Please note that issues that do not follow the contributing guidelines are likely to be ignored.
Sorry for the delay in getting back to you!
I could finally replicate this issue using A100 (40 GB) instances from Google Cloud, but not elsewhere. Specifically, I've found the problem when using pre-built images with PyTorch support, such as Debian 10 based Deep Learning VM for PyTorch CPU/GPU with CUDA 11.3 M102. I haven't been able to identify the underlying problem yet.
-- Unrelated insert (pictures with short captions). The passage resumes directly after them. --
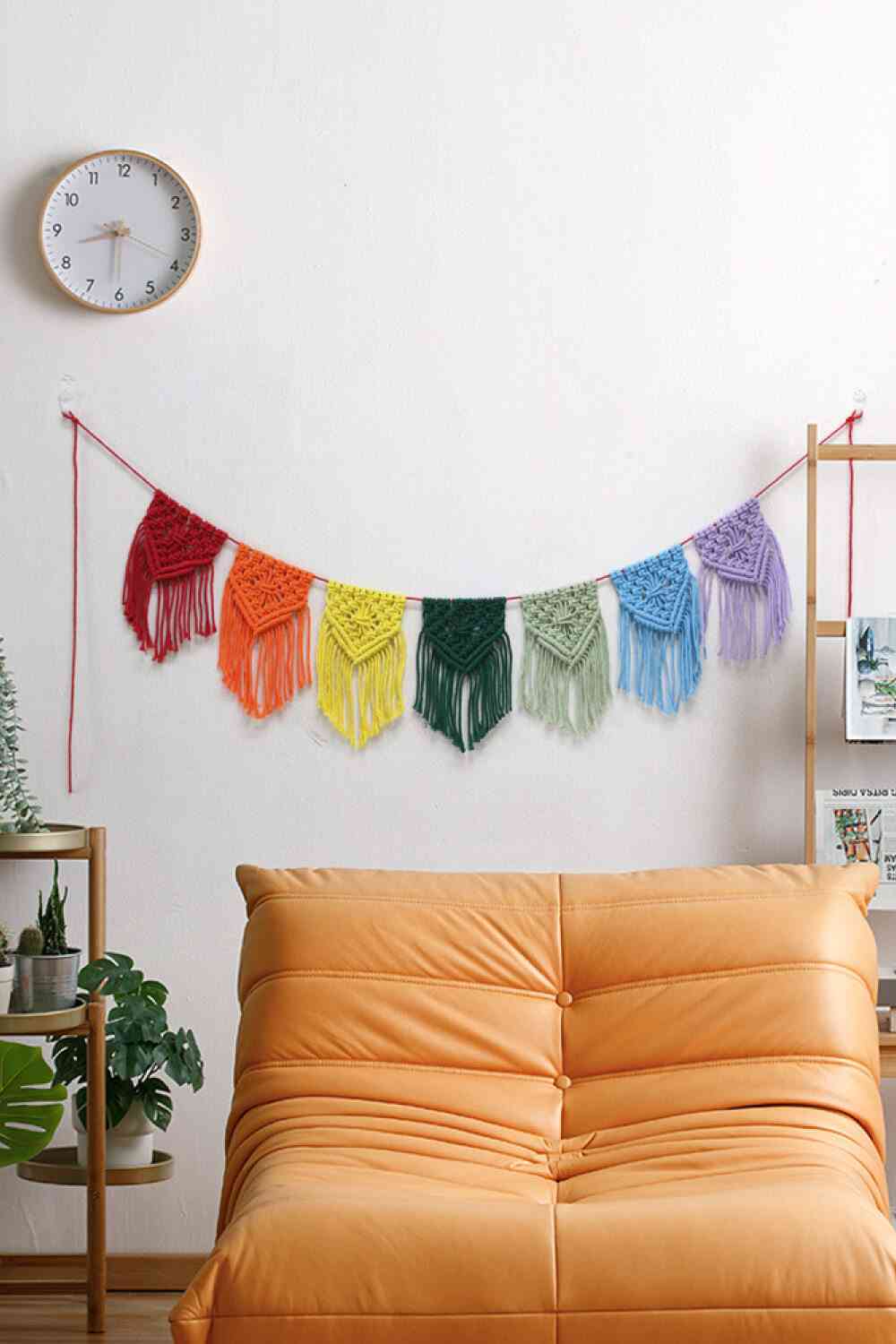 Rainbow Macrame Banner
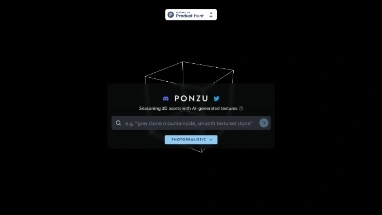 Нейросеть Ponzu - 3D и анимация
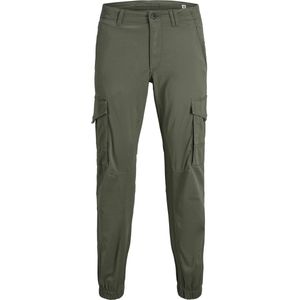 Jack&Jones kids jongens broek cargo PAUL FLAKE Agave Green Slim Fit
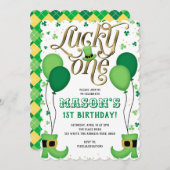 St Patrick's Day, Boy 1st Birthday, Lucky One Kaart (Voorkant / Achterkant)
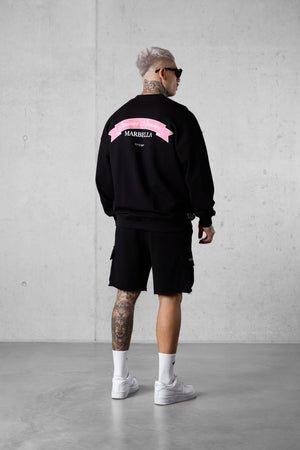 BLACK SUMMER ROMANCE OVERSIZED SWEATER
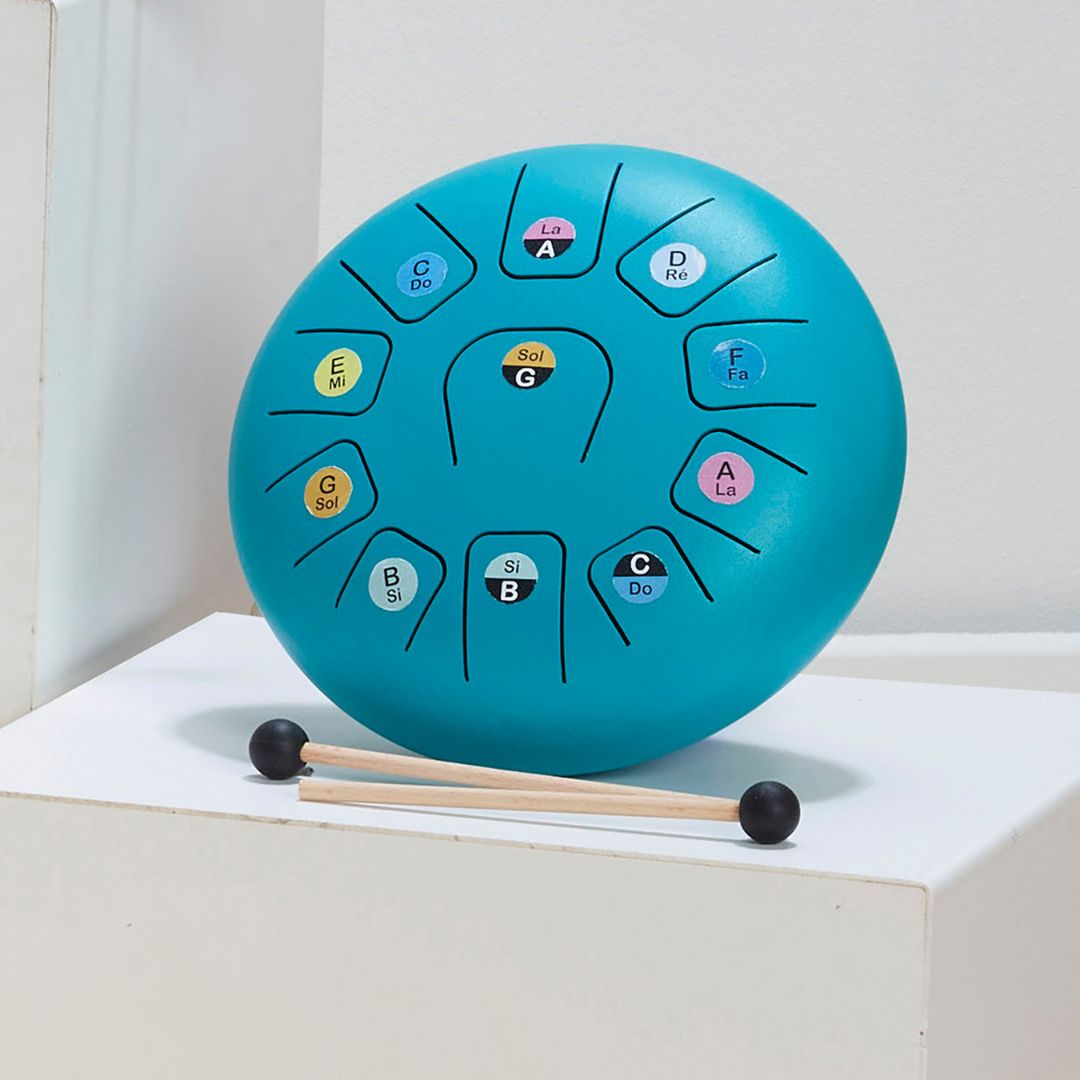Sansetromme lyseblå, 20 cm 11 toner med 11 toner, percussion instrument til børn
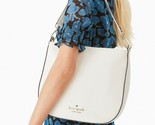 Kate Spade Lexy Shoulder Bag Cream White Leather Large Hobo K4659 NWT $3... - $147.50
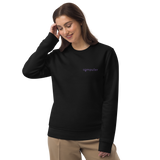 Computer women in technology shirt celebrating and empowering women in science technology, female symbol, Unisex organic, eco sweatshirt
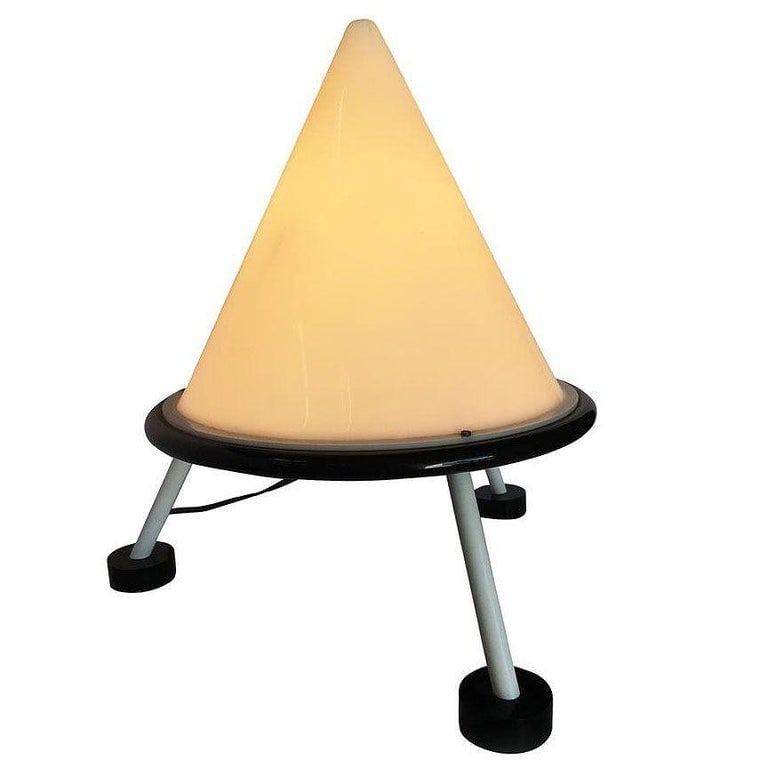 Bespoke Post Modern Acrylic Geometric Cone Table Lamp, 2 Available - 7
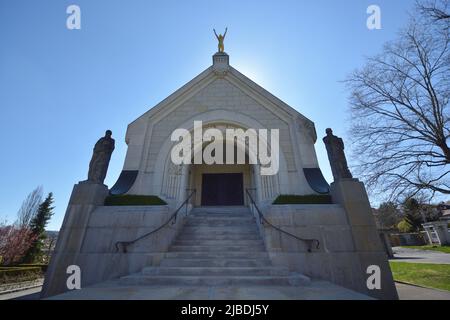 La Chaux-de-Fonds, Suisse - style Sapin - crématorium - Art Nouveau Banque D'Images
Until we do, my recommendation would be to use one of the following workarounds:
- Install one of the images without PyTorch, then install PyTorch manually using the process described here: https://pytorch.org/get-started/locally/.
- Create a virtual environment for dreambooth training and install PyTorch inside the environment.
This issue has been automatically marked as stale because it has not had recent activity. If you think this still needs to be addressed please comment on this thread.
Please note that issues that do not follow the contributing guidelines are likely to be ignored.
Closing as this appears to be some sort of problem with GCP images.